South Korean Porn King Pen Jailed on Obscenity Charges
SOUTH KOREA — While its northern neighbor makes international headlines for testing a nuclear bomb, South Korea has quietly rounded up, arrested, and imprisoned 28-year-old Kim Bonj-wa for dropping a bomb of his own on the internet.The bomb in question? 15,000 pornographic videos.
Kim began his career as a porn entrepreneur in 2004, in a country where distributing or exhibiting obscene materials in public can earn up to a year in jail and as much as 5 million won in fines. As is the case in the United States, what exactly constitutes “obscenity” is uncertain. What is not uncertain is the fact that South Korea more harshly limits hardcore pornography than other developed countries, including the US and Japan.
Known online by the nickname “Bonj-wa,” which means guru or master, Kim began his career as a distributor of erotic materials by sharing Japanese videos via Toto Disk, a peer-to-peer file-sharing program.

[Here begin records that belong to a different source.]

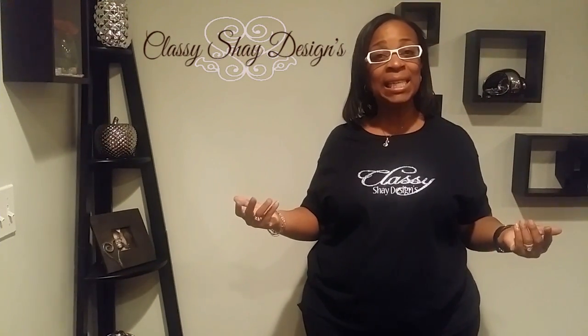Welcome back to my channel. I'm Sharon and this is Classy Shades Designs. Today I want to show you how I took a drab wind chime and turned it into a beautiful, elegant new look. Let's go get busy.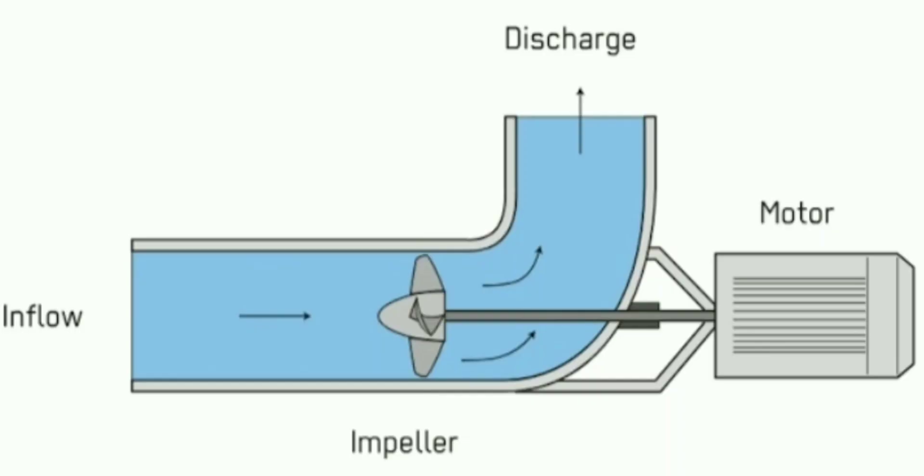Here are a few key components in an Axle Flow Pump. First, the impeller — the rotating component with the axle blade that generates the fluid flow. Next, the casing, which directs the fluid flow and helps in optimizing the efficiency. And finally, the suction and discharge port — the point where fluid enters and exits the pump.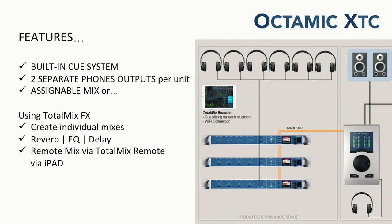This can be an expandable mic pre — we have a diagram showing three OctaMic XTCs connected via one MADI cable, which allows you to set up a typical 24-channel mic input studio. Each headphone jack is a separate headphone mix that can be driven and controlled from your computer. Using TotalMix Remote, a free product from RME that works with any RME interface, your musicians can use an iPad to create their own stereo submixes right where they're playing. We're the only company that offers this type of functionality in a regular 8-channel mic pre, and this microphone preamp can be expanded to very high channel counts.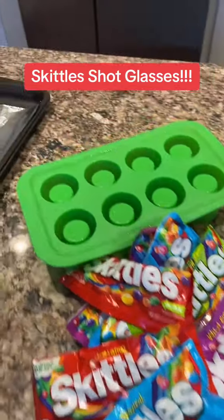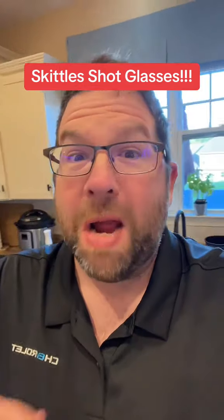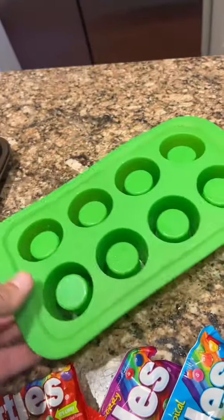We're gonna make shot glasses out of Skittles. I got all the best brands of Skittles and we're gonna make shot glasses. You just have to put them in here and melt them in the oven, so let's give it a shot.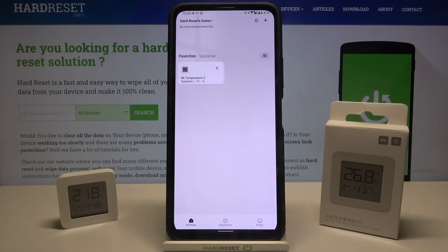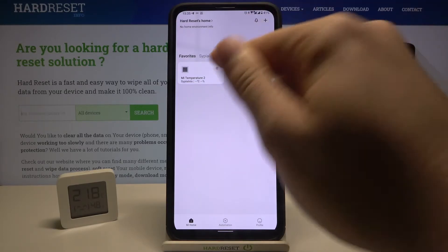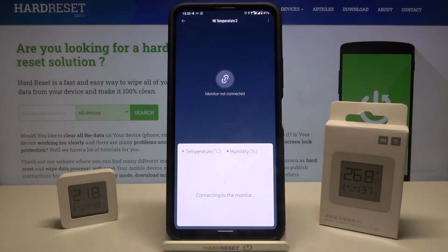At first, we have to open the Xiaomi Home application. Next, click on the device that we want to unpair. Right now let it connect.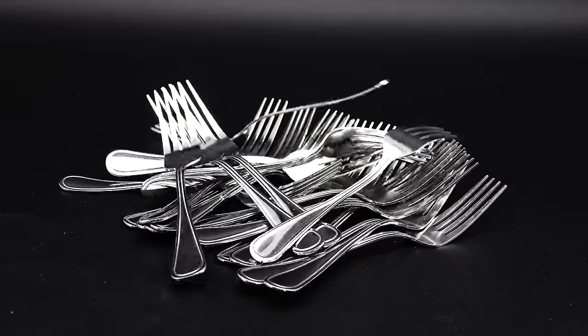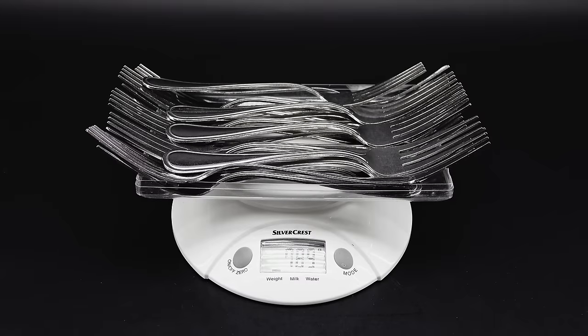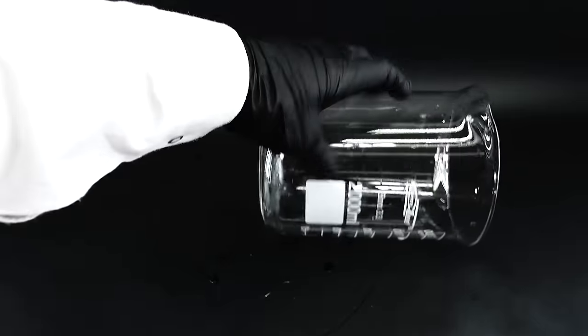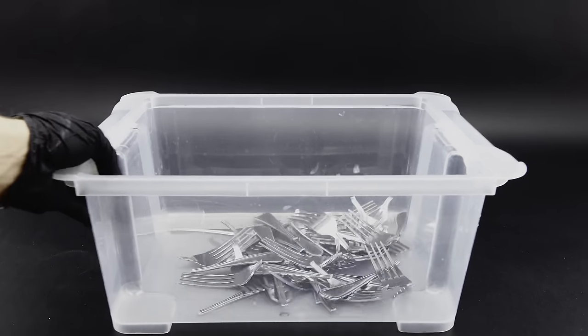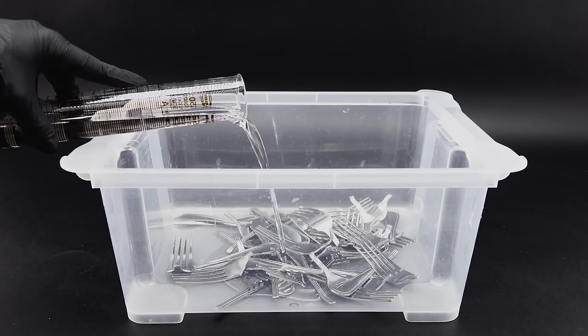To dissolve all my forks, I first weighed them all — a whopping 789 grams of fork matter, which makes this a really large scale project. Before adding the acid, I used my hands to tear every fork into two pieces, mainly because it was really cool to do and slightly increased the surface area. For the next step, I couldn't just use a good old beaker, and instead settled on a big plastic container. My advanced mathematical calculations led me to need a whopping 920 milliliters of sulfuric acid — about 1.5 car batteries worth — and I added just 250 milliliters to start.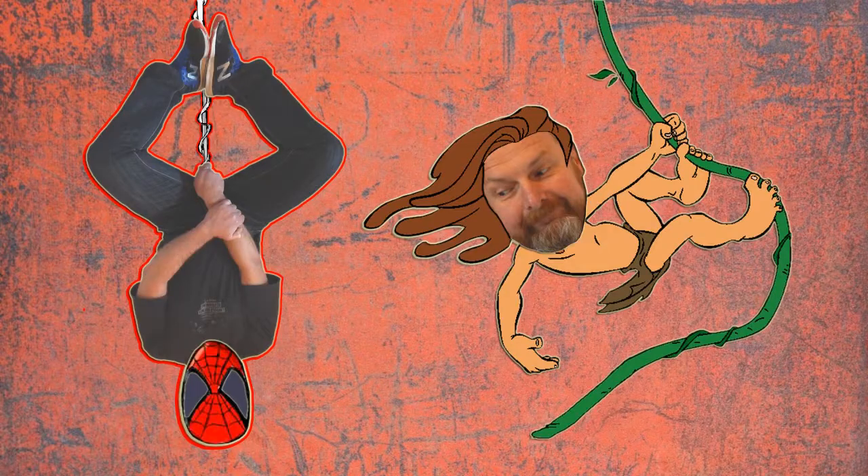Hi and welcome to the Good Hope Hiker channel. If you spend loads of time outside camping, hiking, putting up tents and shelters, transporting stuff or imitating your favorite superhero, then you need to know knots.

Rapidly gaining popularity and, according to some, becoming a major motivation behind the country’s embracing of the high-speed Internet, Kim was able to quit his day job and focus exclusively on uploading erotic materials, many of which are believed illegal for South Koreans to view.
Although some of Kim’s supporters agree that he has likely violated the law as it is written now, they believe the time is ripe for the nation to review its policies toward porn and engage in a dialogue on the subject.
Nonetheless, authorities not only refuse to release the young man but appear to have tried and convicted him already, given a statement on the Pusan police website. According to the site’s homepage, “The convicted person has damaged society by circulating abnormal Japanese pornography. He distorted the healthy sex culture and corrupted juveniles. As such acts violate the law, punishment is inevitable.”
About a dozen of Kim’s followers posted comments on the site insisting that he be freed, while more than 1,300 signatures on a Daum portal site have been collected in support of Kim, who was arrested on Wednesday. Petition circulators hope to pressure the government to release Kim or at least discuss the issue of pornography openly. The petition organizer hopes to have 100,000 signatures by the end of the month.